Некоторые совали трешник швейцару, но так как почти все швейцары в гостиницах нашей необъятной родины были отставными военными, не всех можно было купить за трешник. Но если деньги в конце концов принимались, оставалась главная проблема — на этаже всегда сидела дежурная. И тут было несколько способов. Самый простой способ — девушка снимала пальто, оно пряталось в сумку, и девушка проходила как жительница гостиницы. Но самый замечательный способ был у нашего музыканта (не хочу называть фамилию, вдруг прочтет жена). Он проходил к себе в номер, через минуту взволнованный подходил к дежурной и говорил: “У меня что-то с краном”. Кран для дежурной был как красный цвет для быка. Что угодно, лишь бы не было течи. И дежурная немедленно вскакивала и бежала смотреть, что там с краном. Наш товарищ, делая наивные глаза, объявлял ей: “Вот, смотрите, открываю кран, вода течет, закрываю — не течет”.
Дежурная сперва терпеливо, а потом растерянно говорила: “Ну правильно. Так и должно быть”. У нашего музыканта была задача продержать ее одну минуту, чтобы все успели растащить девушек по номерам. Поэтому он, делая еще более наивные глаза, тихо, проникновенно говорил: “Да вы не понимаете, посмотрите еще раз”. Значительно открывал кран и так же значительно закрывал, сопровождая: “Вот течет, не течет”. Дежурная недоумевала. Вроде не пьяный, может — сумасшедший? А все уже прошли. И наш музыкант делал разрядку, которая добивала дежурную: “Вы мне так понравились, я хотел на вас посмотреть вблизи”. Чем старше была дежурная, тем охотнее она верила этой околесице.
Как я был артистом
В 1985 году я успешно сотрудничал с Андреем Мироновым. Успешно в том смысле, что было много концертов и были хорошие заработки. В один из “роковых” дней Андрюша пришел ко мне в номер гостиницы с рукописью и сказал: “Прочти эту пьесу. Я хочу тебе дать роль”. От этих слов во мне шевельнулось еще никем не тронутое актерское самолюбие. Я прочел пьесу, и началось мое “падение” в артисты. Пьеса была написана Григорием Гориным к 40-летию Победы, и один из эпизодов пьесы был автобиографическим для Театра сатиры. Там говорилось о том, как бригада артистов поехала с концертом на передовую и почти все погибли под бомбежкой. Пьеса называлась “Прощай, конферансье”. У меня была приличная роль. Как сказал Анатолий Папанов: “Лева, чтоб получить такую роль, надо проработать лет десять в театре”. Начались репетиции. Андрей участвовал там как актер и режиссер. Через две недели (естественно, в это время никаких концертов не было) я получил актерское жалованье за полмесяца. Как сейчас помню, 34 рубля. Для неосведомленного читателя, за один концерт, аккомпанируя Андрею Миронову, я получал 52 рубля. Моя жена, которая испуганно следила за моими актерскими опытами, при виде жалованья в 34 рубля взглянула на меня, как смотрят на тяжело больного человека и, что ей несвойственно, ничего не сказала. Некоторые реплики из своей роли я репетировал дома. К примеру, мне надо было с горечью заорать: “Оля...” Однако нужной горечи в голосе не ощущалось, и я продолжал орать, добиваясь результата. Жена и обе дочери в минуты моей “горестной” репетиции прятались в другой комнате и сочувственно переглядывались.

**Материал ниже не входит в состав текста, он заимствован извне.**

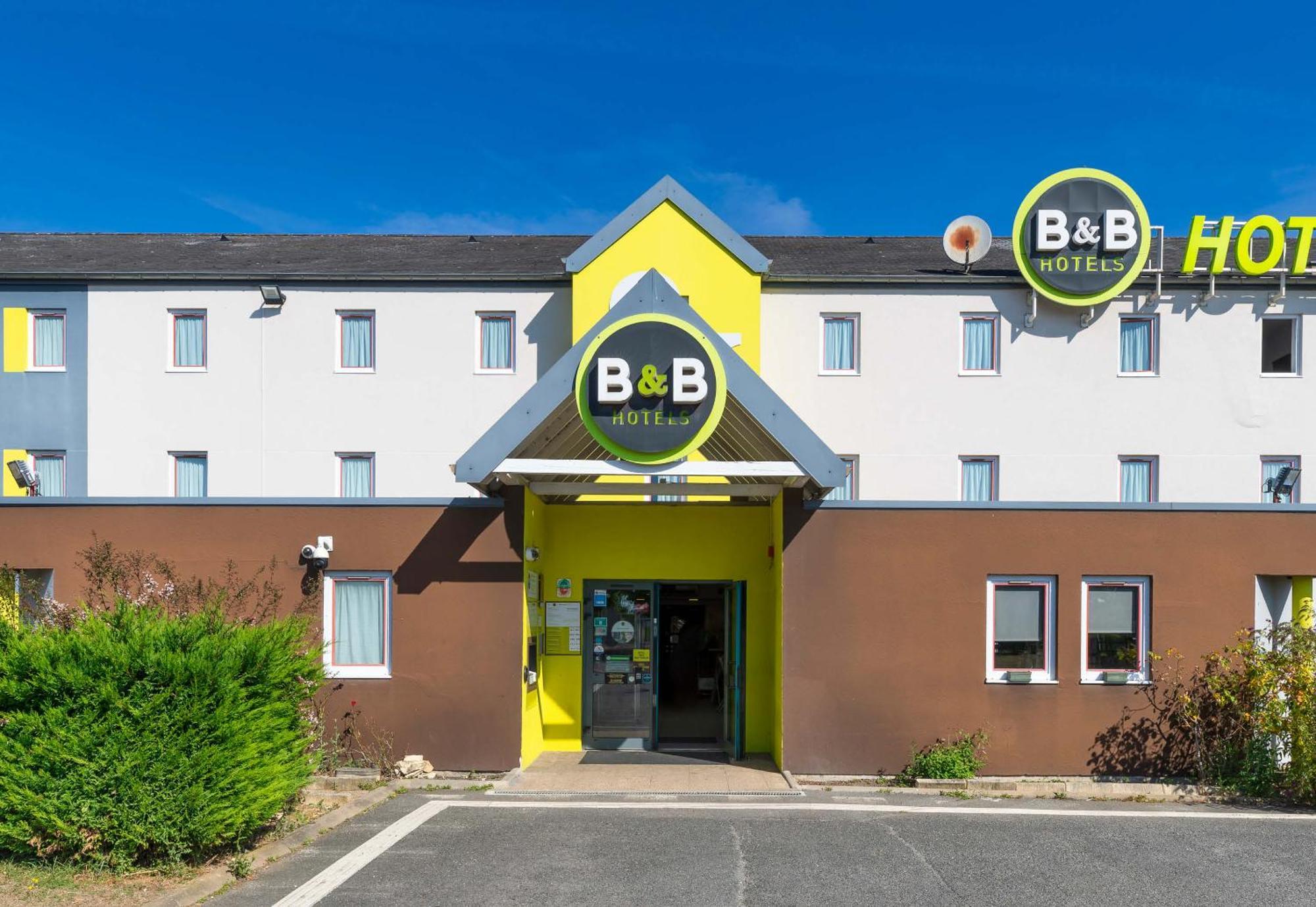 B&B Hotel Bourges 1 Esterno foto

На следующее утро после вышеупомянутых 34 рублей к 10 надо было бежать на репетицию. Видимо, я проспал, потому что в половине десятого вошла в спальню жена и сказала гениальную фразу: “Вставай, артист хренов”.

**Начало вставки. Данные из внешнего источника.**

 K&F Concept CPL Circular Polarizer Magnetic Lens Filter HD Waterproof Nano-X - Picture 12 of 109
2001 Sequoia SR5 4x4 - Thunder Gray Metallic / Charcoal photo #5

Придя на репетицию, возмущенный непониманием близкого мне человека, я поделился обидой с первым встречным — это была Ольга Александровна Аросева, но просил никому не говорить. Этого было достаточно для того, чтобы через десять минут весь театр называл меня “артист хренов”.

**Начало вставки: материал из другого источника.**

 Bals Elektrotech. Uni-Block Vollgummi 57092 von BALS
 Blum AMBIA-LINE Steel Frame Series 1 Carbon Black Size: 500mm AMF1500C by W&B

Кстати, жена была потом на премьере и говорила, что ей понравилось.
* * *
Возвращаемся в Москву из Горького. Поезд приходит очень рано. А надо сказать, что Миронов вообще не любил рано вставать. Приехали. Распахивается купе, носильщик, в форменной фуражке, в переднике, только потом я рассмотрел, что на нем было написано “кока-кола”, с жетоном, хриплым голосом спросил: “Вещички поднести?” Нам потребовалось секунд 15, чтобы узнать в носильщике Михаила Державина... Вот так они шутили и дружили.
* * *
Еще одна история про Андрея. Произошла она уже без меня. Весь вечер гуляли друзья, боюсь соврать, но, по-моему, Саша Ширвиндт, Марк Захаров, Михаил Державин и Андрей. Наутро проводили Миронова на вокзал, он уезжал в какой-то город на съемки фильма. Когда поезд отошел, Марк Анатольевич сказал: “Будет глупо, если мы туда не прилетим”. Купили билеты, прилетели на съемку. В костюмерной взяли какую-то одежду и слились с массовкой. Во время съемки по очереди прошли мимо Андрея. А потом он рассказывал: “Мне вдруг показалось, что я схожу с ума...”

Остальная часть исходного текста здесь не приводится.